Die USA waren fest entschlossen, nicht nur ein vereintes Deutschland in die Nato aufzunehmen, sondern auch die Nato, um die ehemaligen Mitglieder der Warschauer Vertragsorganisation zu erweitern. Falin bemerkt, dass vernünftige Stimmen nicht mehr gehört werden: »Genscher spricht immer noch von Zeit zu Zeit über eine Beschleunigung der Entwicklung hin zu einer europäischen kollektiven Sicherheit durch die ›Auflösung der Nato und der WTO in ihr‹ (…). Aber nur sehr wenige Menschen (…) hören Genscher zu.«
Falin warnt Gorbatschow: »Wenn man die letzten sechs Monate zusammenfasst, muss man zu dem Schluss kommen, dass das ›gemeinsame europäische Haus‹, das einst eine konkrete Aufgabe war, mit deren Umsetzung die Länder des Kontinents begannen, sich nun in eine Fata Morgana verwandelt.«
Bei einem Treffen am 18. Mai 1990 erwähnt Gorbatschow die Notwendigkeit, neue Sicherheitsstrukturen aufzubauen, um die Blöcke zu ersetzen. US-Außenminister James Baker äußert sich dazu in einer persönlichen Stellungnahme, die viel über die tatsächliche Position der USA zu diesem Thema verrät: »Es ist schön, über paneuropäische Sicherheitsstrukturen und die Rolle der KSZE zu sprechen.

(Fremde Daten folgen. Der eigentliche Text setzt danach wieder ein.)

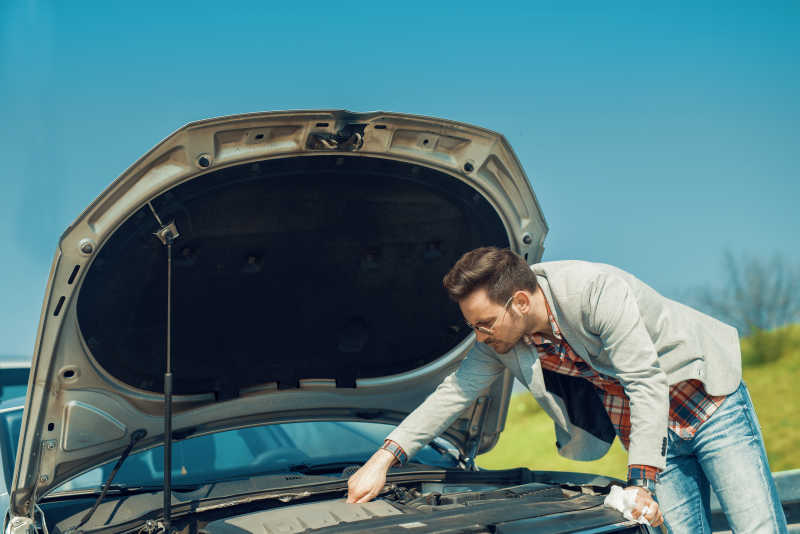 汽车抛锚的年轻司机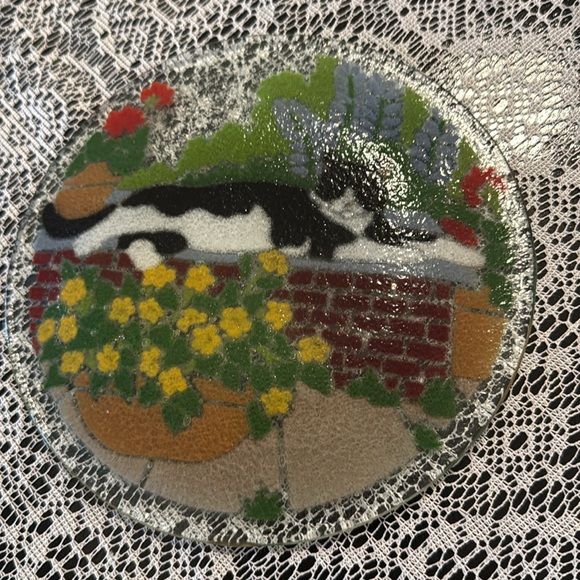 Peggy Karr Fused Art Glass Decor Plate Tuxedo Cat Garden Wall Flowers SIGNED - Picture 5 of 7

Es ist ein wunderbarer Traum, aber eben nur ein Traum. In der Zwischenzeit existiert die Nato.« Während diese in der Folge aus- und umgebaut wurde, löste sich das östliche Pendant, der »Warschauer Pakt«, am 1. Juli 1991 formell auf.
Die Aushöhlung der neuen Friedensordnung in den 1990er Jahren, die im Übrigen Anfang August 1990 von Kriegsvorbereitungen der USA gegen den Irak wegen dessen Angriff auf Kuwait unterlegt wurden, war gut vorbereitet. Dies kann in einer Dissertation von Mansur Khan (2005) nachverfolgt werden. Militärinterventionen der USA und der Nato waren und sind Normalität des Westens, auch in Europas »Friedensordnung« von 1990, und zwar von Anfang an. Alle Erörterungen der medienbekannten Militär- und Sicherheitsexperten sind wissenschaftlich nicht haltbar – und somit pure Ideologie einer ausgeklügelten, selbsterzeugten Machtapparatur.